The winter coat of the Curly horse has curls which varies in form from
tight ringlets to a marcel type wave. The hair is soft and is hypoallergenic.
Most people allergic to horses are not allergic to the Curly.
The curly hair has been tested and has been found to resemble mohair.
The hair can be spun into yarn.
The mane & tail of the Curly is also curly, wavy or in dreadlocks.
In the summer the curly coat sheds out to a smoother or slightly wavy hair
coat. Some Curlies also shed their mane and tail hair, while others shed
a partial amount and some retain the mane & tail.
The Curly horse is quiet hardy and has the ability to withstand colder
temperatures than many other breeds. They posses strong round hooves. The
Curly has substantial bone when compared other breeds of horses. Their
cannon bone is round rather than flat. They do not seem to be plagued by
diseases that affect other equine breeds.
The eyes of the Curly are spaced wide apart so they have good rear
vision. The eyes have a sleepy look to them and are hooded. The nostrils
are crescent shaped, not flaring. They have a small teacup mouth.
The Curly horses come in all sizes, from miniature to draft.
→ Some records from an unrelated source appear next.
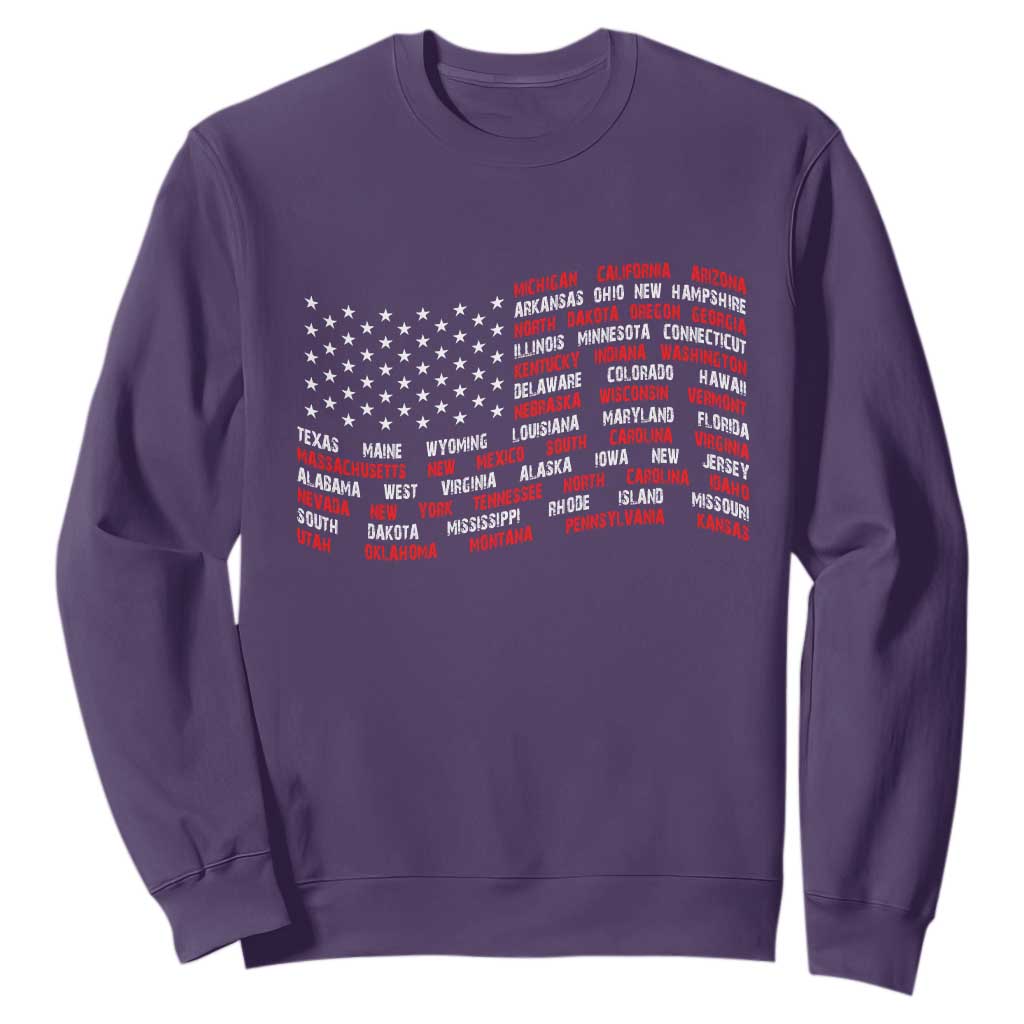 Vintage American Flag 50 States Sweatshirt Patriotic Gift TS12 Purple Print Your Wear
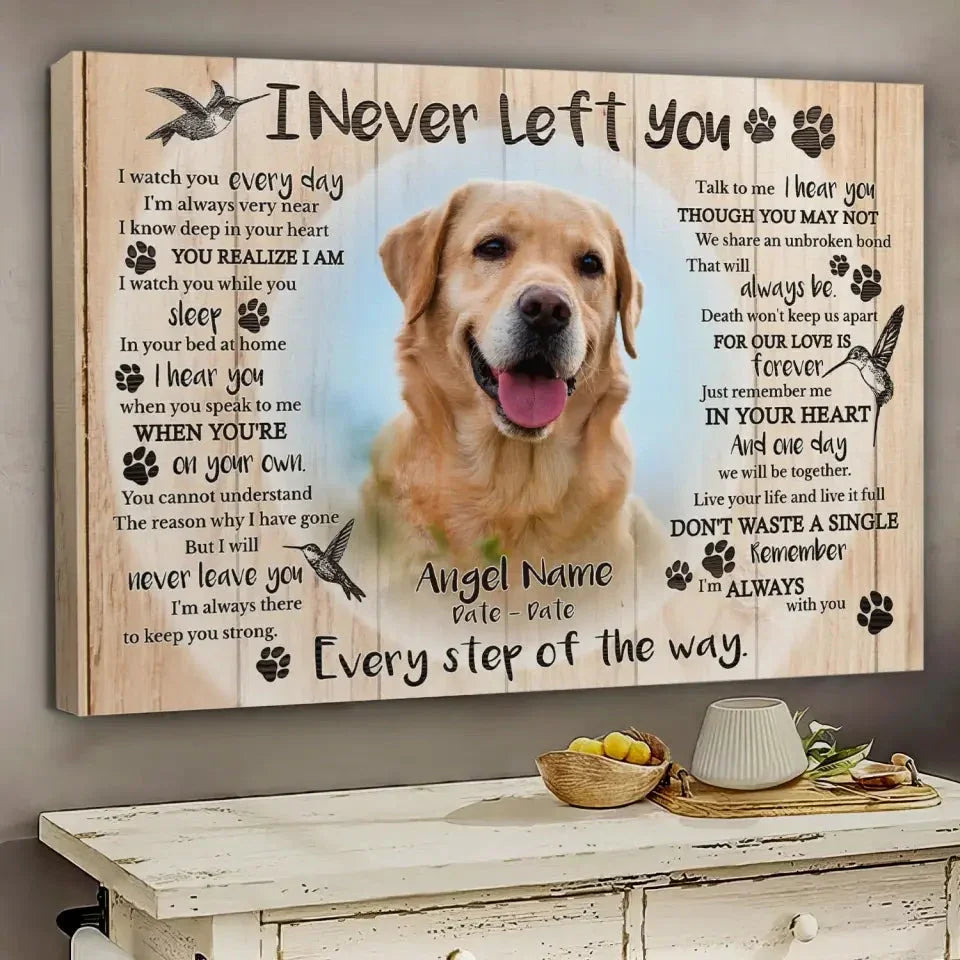 Custom Pet Memorial Canvas – I Never Left You Poem & Photo - PersonalizedFury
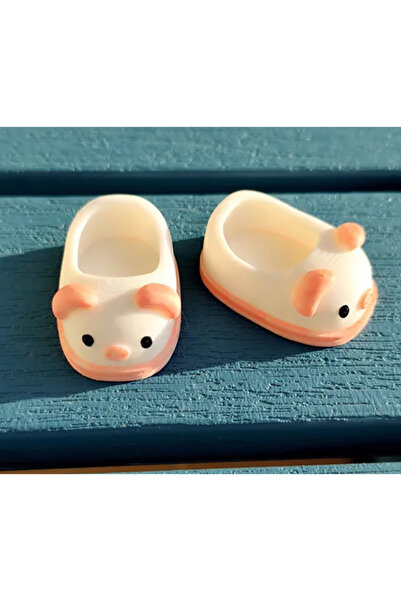 LABUBU Seviml Mini Domuz Hayvan Desenli Model Oyuncak Bebek Ayakkabı Aksesuarı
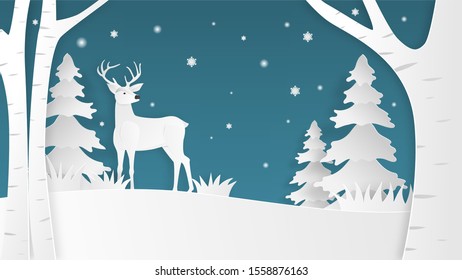Paper art made deer in the forest on blue background. Digital craft paper cut style.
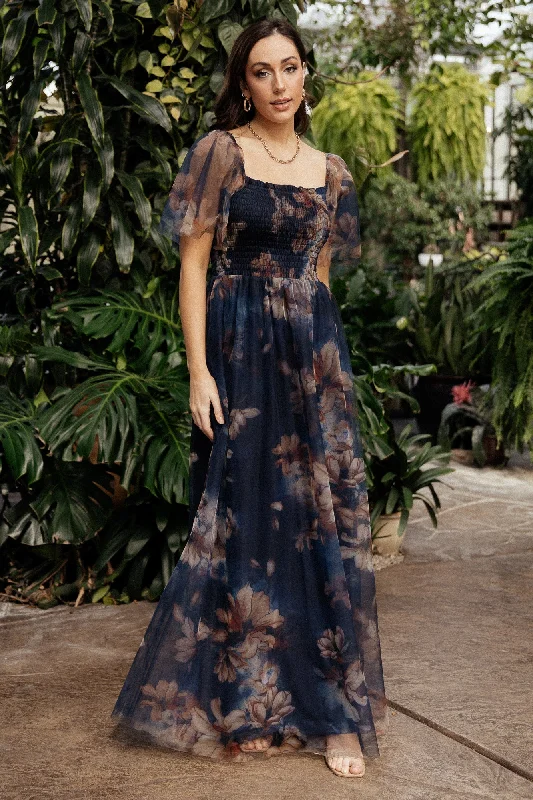 Cassandra Tulle Maxi Dress | Dark Blue Floral Elegant Wraparound Maxi Dress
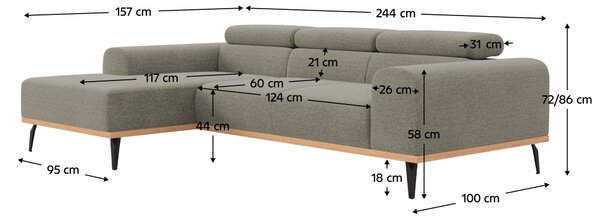 KONDELA Rohová sedací souprava s elektrickou funkcí výsuvu, hnědošedá Taupe, levá, KARLO
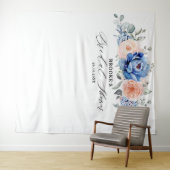 Navy Blue Slate Dusty Blush Pink Vrijgezellenfeest Wandkleed (In Situ (horizontaal))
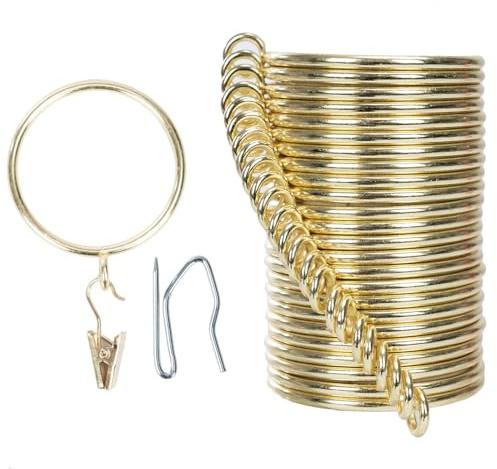 Vorhangringe und Hakenclip, 25 mm Innendurchmesser, komplettes Set mit Gardinenstangenringen, Haken und Clips, 24 Stück, Vorhangringe für zwei Standard-Vorhänge, Gold TXZWJZ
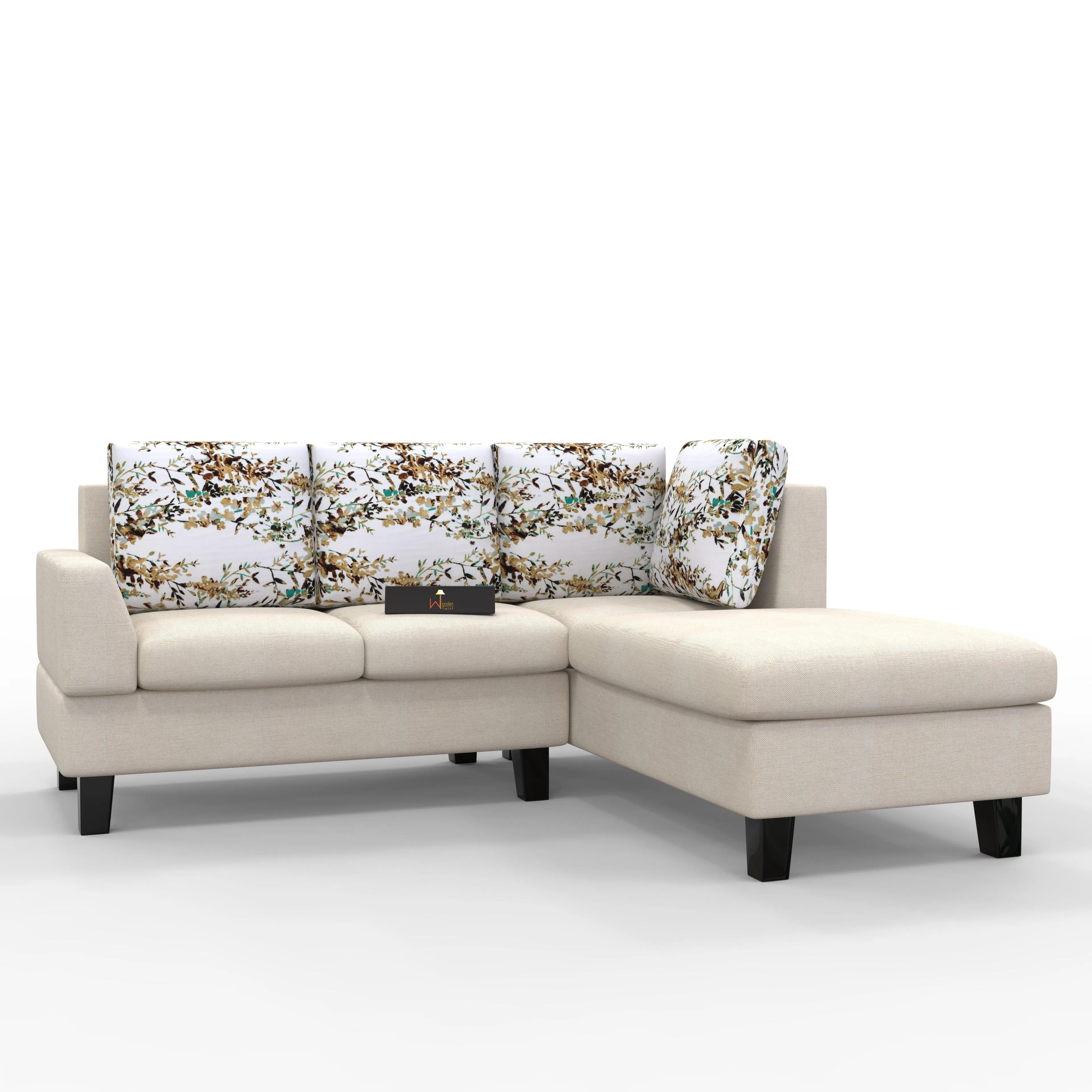 5 Seater L-Shape Sectional Sofa Set with Four Floral Cushion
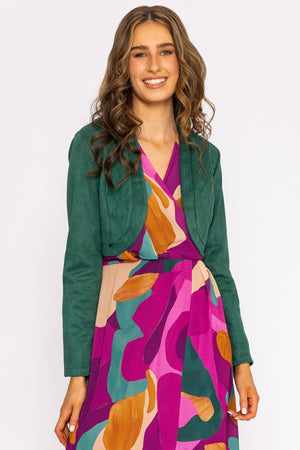 Carraig Donn Suede Bolero in Bottle Green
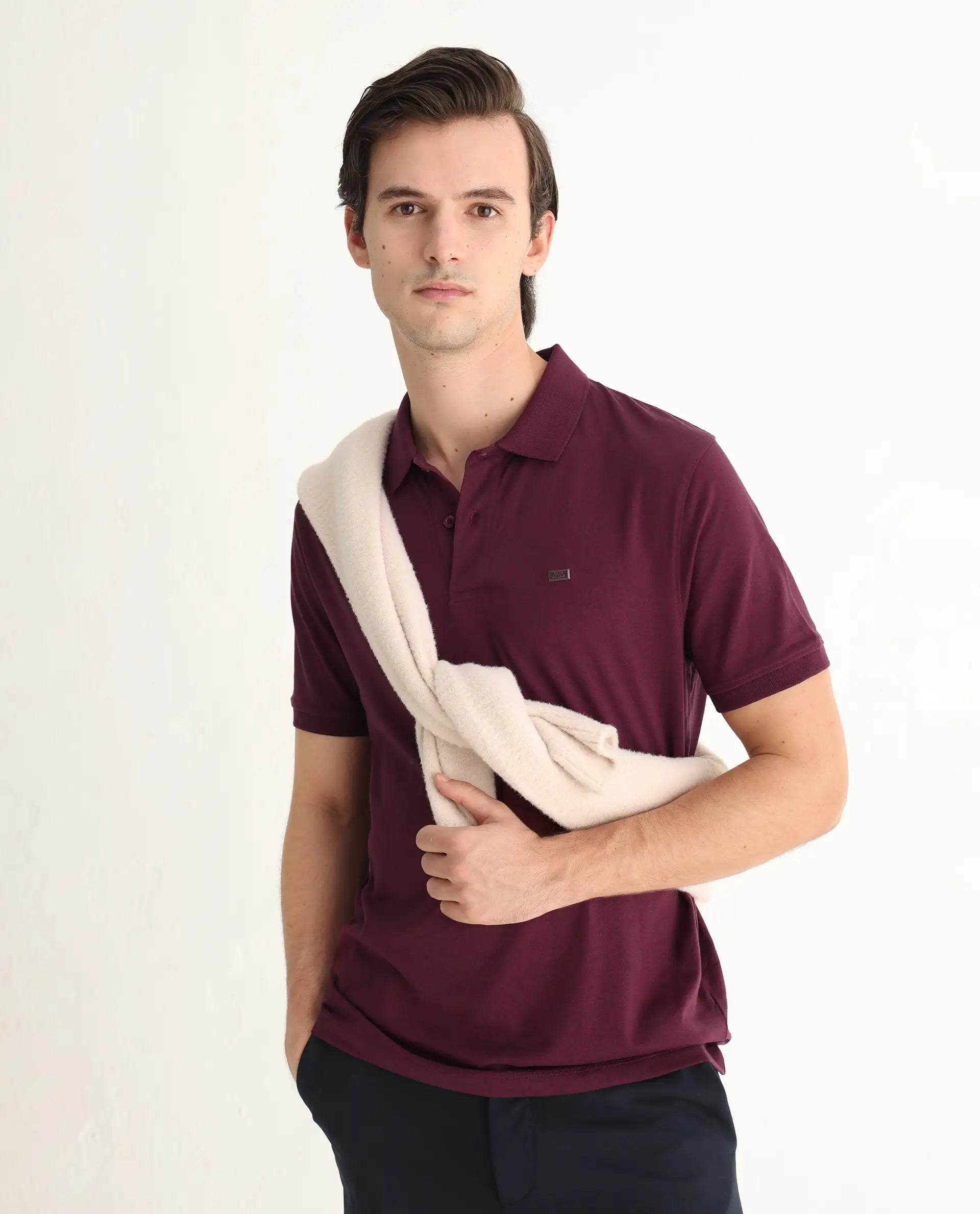 Rare Rabbit Men Schop Light Maroon Cotton Blend Short Sleeve Regular Fit Solid Polo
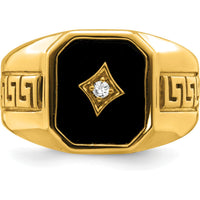 14K Yellow Gold Men's Onyx and Diamond Greek Key Ring - 3.61 Carat Total Weight by 0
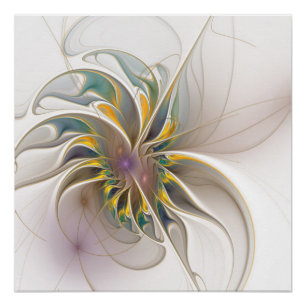 A colorful fractal ornament. Abstract Flower art Poster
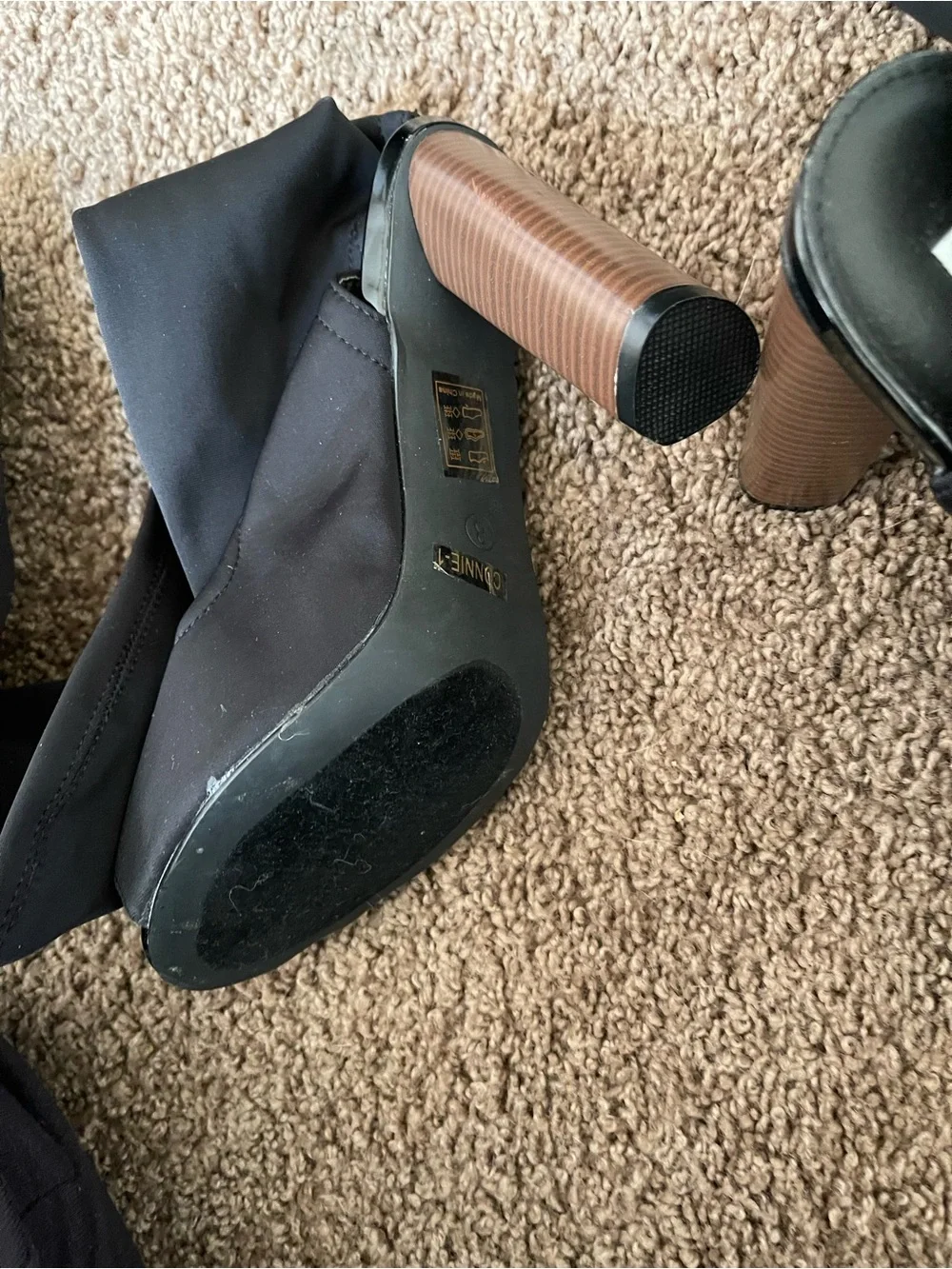 Black Stretch Peep-Toe Sock Boots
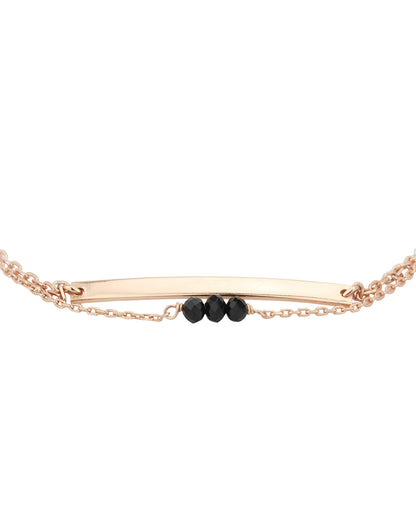 Carlton London Gold Plated With Glass Bead Dual Strand Bracelet
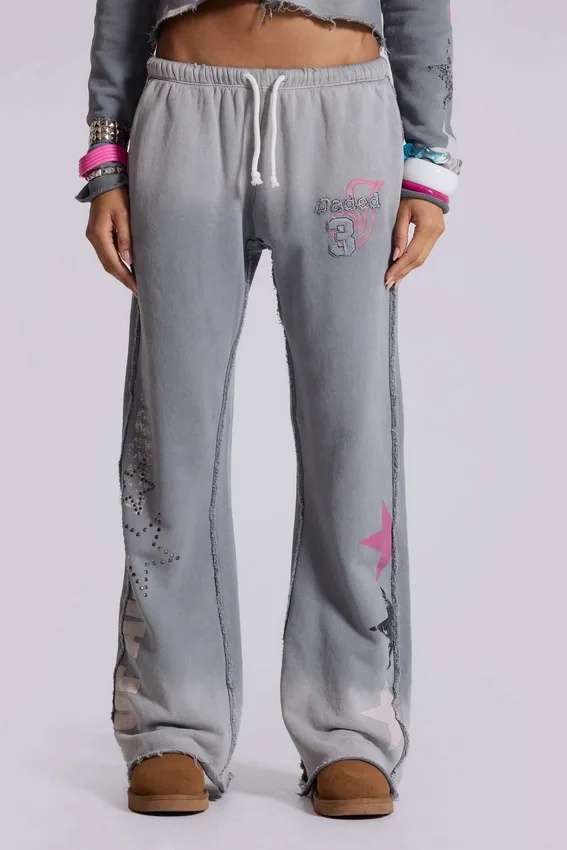 Cleo Graphic Slouchy Bootcut Jogger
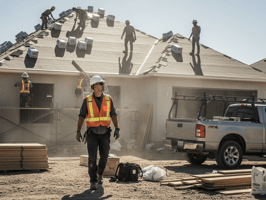 Roofing project manager reviewing a daily schedule and checklist on a tablet at a jobsite.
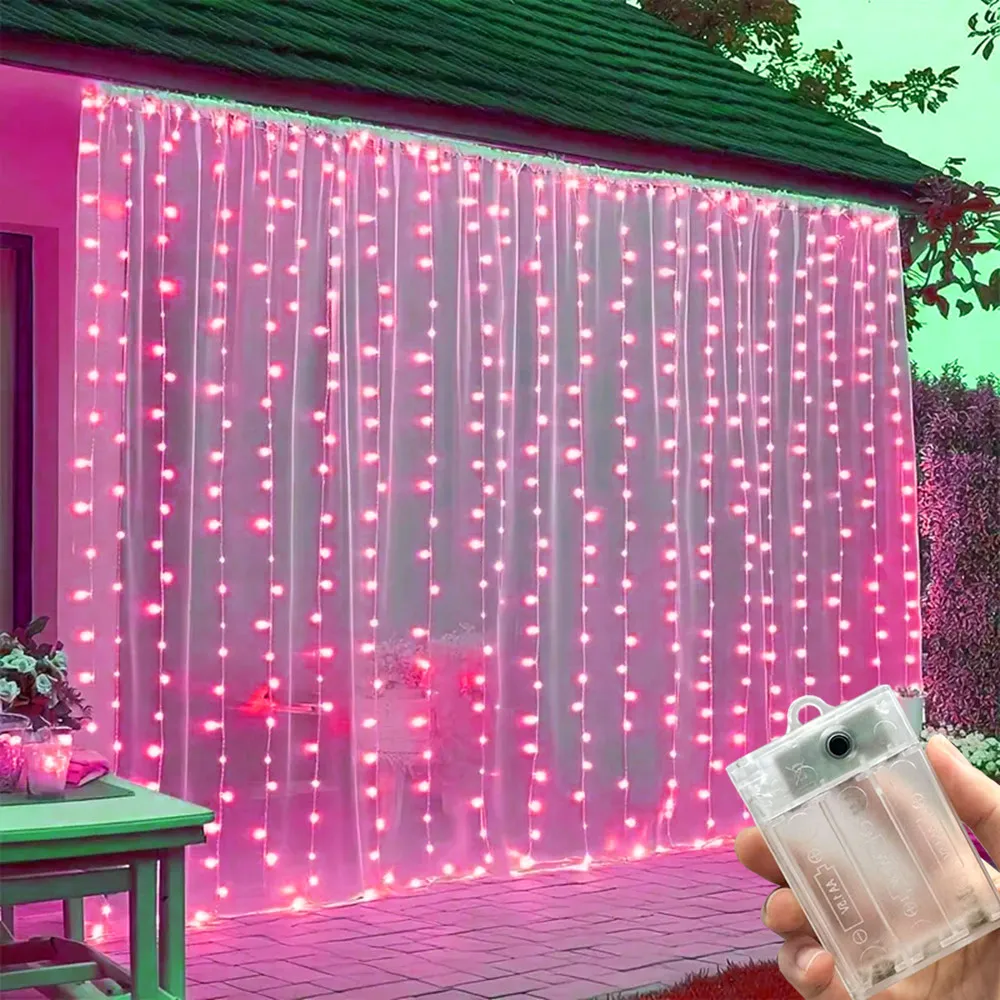 

Светодиодная гирлянда-штора 2026 для декора дома, на батарейках, для Рамадана, Дня святого Валентина, Ид Мубарака, свадеб, уличного декора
The horse should be somewhat rectangular and well proportioned. The head
must be clean
cut and expressive, the neck supple and well set, so that the horse carries
well balanced when ridden.
The shoulder should be comparatively long and well angled, the back flexible,
and the croup
sloping, wide and well muscled.
All colors and markings are found, some of which include chestnut, bay,
buckskin, gray, Appaloosa patterns and pinto.
One of the best traits of the Curly is their personality. They are renowned
for their wonderful dispositions. Almost without fail, the horses are incredibly
easy to handle. It is almost unknown for a Curly to bite or kick people
They love people. They are intelligent, quick to learn, willing partners.
They have a quiet temperament and do not spook & run, but rather face
their fear to get a good look at it. They are curious little clowns at
They can be used successfully in almost any equine discipline .The athletic
ability of the Curly has taken him to the dressage ring, endurance trails,
team penning, long distance driving, hacking, riding club events,
gymkhana, western riding and showing. Curlies excel at many tasks.
They have great movement, endurance & style.
Most Curlies seem to have a floating walk and trot which make them smooth
to ride. However, a minority (10-15%) of all Curlies have an extra gait
in addition to walk, trot and gallop. These gaited Curlies
can roughly be separated into three groups.
The first group is the foxtrotting Curly which is the most common of
gaited Curlies. They result from crossing Curly horses with Missouri Foxtrotters.
Almost all foxtrotting Curlies descend from the stallion
Walker's Prince T.
The second smaller group is Curlies performing a four beat lateral gait,
usually a running walk or stepping pace. The gait has probably come from
the spanish horse influence or in some cases crossing with Tennessee
Walkers or other gaited breeds.
The third group is recessive Curlies cropping up in gaited breeds. A
recessive Curly is a curly horse which has two straight haired parents.
The recessive curly gene is probably not related to the more common
dominant curly gene. Recessive Curlies crops up most frequently among
Missouri Foxtrotters, but has also happened among Tennessee Walkers and
Paso Fino to name a few of the "other breeds."